What do the lines say from the start of the entries through the one containing "Guest house Kubu Monkey 2*"? Repeat them exactly.
========
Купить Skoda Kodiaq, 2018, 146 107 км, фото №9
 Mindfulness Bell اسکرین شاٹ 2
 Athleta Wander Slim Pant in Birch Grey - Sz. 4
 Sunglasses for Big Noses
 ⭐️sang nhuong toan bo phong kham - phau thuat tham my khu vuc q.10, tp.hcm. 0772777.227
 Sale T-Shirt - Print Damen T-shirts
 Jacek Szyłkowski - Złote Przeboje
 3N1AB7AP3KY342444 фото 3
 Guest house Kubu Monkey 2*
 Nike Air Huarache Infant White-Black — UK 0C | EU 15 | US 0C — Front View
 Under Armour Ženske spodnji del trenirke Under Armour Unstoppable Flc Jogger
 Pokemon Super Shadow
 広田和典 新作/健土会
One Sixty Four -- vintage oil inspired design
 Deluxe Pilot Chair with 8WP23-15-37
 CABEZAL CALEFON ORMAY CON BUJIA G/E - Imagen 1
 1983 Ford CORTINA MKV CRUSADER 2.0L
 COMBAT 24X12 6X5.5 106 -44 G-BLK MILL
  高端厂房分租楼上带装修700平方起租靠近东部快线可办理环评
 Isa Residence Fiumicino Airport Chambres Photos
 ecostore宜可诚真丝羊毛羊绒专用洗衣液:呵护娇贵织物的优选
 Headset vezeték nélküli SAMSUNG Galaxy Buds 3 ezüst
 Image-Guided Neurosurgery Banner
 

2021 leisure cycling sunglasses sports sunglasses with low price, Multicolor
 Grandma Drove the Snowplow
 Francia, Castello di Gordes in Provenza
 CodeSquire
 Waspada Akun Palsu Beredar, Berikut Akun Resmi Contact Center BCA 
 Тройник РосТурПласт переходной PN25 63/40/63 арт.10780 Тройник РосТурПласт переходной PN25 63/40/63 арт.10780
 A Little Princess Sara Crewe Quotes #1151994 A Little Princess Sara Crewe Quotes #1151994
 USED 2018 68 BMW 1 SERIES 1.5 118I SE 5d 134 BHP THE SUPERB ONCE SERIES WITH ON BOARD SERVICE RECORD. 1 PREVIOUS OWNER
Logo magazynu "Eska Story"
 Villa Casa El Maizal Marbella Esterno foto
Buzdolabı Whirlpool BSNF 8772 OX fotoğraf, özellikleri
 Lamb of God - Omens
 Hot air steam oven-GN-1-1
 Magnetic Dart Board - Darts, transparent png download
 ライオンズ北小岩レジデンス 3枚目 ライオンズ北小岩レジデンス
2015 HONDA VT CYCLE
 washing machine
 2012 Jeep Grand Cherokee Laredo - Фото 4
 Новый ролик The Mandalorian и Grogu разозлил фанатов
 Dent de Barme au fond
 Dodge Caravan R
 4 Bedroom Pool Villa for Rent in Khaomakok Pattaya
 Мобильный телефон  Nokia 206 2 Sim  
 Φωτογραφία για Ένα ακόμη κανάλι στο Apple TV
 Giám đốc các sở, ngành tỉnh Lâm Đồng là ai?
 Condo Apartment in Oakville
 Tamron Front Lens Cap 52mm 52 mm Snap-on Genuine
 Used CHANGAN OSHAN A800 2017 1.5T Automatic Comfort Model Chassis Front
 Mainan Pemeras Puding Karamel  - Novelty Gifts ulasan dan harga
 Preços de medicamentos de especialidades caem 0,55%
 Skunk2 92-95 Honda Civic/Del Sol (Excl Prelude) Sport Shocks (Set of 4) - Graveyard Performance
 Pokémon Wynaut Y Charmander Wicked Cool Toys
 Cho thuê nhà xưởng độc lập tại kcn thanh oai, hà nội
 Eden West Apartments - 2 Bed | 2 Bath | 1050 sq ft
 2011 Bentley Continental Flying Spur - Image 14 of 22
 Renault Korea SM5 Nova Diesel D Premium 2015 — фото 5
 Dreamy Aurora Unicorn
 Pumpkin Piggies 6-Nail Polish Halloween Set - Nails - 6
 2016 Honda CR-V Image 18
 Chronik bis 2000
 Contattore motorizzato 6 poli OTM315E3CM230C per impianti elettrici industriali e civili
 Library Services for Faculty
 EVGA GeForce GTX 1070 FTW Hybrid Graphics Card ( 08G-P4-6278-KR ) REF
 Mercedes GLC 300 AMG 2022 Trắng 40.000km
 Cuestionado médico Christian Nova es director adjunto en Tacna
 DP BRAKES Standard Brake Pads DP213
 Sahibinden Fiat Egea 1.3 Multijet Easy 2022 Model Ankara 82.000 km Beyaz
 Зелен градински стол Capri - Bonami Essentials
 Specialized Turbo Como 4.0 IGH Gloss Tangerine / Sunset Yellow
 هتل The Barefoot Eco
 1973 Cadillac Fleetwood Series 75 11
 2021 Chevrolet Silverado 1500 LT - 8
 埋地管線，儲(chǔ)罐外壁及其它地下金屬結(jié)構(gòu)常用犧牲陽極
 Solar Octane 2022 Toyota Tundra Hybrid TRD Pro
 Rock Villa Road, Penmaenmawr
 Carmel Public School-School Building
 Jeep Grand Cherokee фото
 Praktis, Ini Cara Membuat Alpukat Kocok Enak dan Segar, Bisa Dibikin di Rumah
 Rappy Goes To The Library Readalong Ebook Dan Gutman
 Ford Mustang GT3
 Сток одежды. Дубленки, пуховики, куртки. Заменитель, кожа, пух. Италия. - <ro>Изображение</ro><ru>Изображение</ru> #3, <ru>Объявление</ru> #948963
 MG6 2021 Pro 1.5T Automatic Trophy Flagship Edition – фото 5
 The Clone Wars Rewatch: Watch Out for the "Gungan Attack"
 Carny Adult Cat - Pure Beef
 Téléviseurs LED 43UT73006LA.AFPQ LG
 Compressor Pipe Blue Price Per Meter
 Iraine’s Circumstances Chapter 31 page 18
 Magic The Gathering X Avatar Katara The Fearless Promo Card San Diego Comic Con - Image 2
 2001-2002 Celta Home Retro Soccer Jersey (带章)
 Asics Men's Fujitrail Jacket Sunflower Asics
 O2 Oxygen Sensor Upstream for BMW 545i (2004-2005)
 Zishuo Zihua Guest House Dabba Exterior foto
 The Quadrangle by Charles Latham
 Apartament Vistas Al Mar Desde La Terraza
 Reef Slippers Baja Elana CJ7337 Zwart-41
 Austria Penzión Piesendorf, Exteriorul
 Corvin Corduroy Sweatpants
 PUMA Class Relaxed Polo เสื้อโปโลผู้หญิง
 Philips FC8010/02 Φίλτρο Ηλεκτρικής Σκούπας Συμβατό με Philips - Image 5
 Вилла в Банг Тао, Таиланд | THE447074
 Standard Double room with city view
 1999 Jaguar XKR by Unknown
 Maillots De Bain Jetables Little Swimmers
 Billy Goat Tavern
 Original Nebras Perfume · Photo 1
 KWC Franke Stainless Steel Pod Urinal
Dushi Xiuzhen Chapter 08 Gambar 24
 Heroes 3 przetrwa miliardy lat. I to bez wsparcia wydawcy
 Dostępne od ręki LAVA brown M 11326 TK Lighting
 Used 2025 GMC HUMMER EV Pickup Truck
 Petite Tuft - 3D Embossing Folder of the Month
========
# [Answer to the problem]
Купить Skoda Kodiaq, 2018, 146 107 км, фото №9
 Mindfulness Bell اسکرین شاٹ 2
 Athleta Wander Slim Pant in Birch Grey - Sz. 4
 Sunglasses for Big Noses
 ⭐️sang nhuong toan bo phong kham - phau thuat tham my khu vuc q.10, tp.hcm. 0772777.227
 Sale T-Shirt - Print Damen T-shirts
 Jacek Szyłkowski - Złote Przeboje
 3N1AB7AP3KY342444 фото 3
 Guest house Kubu Monkey 2*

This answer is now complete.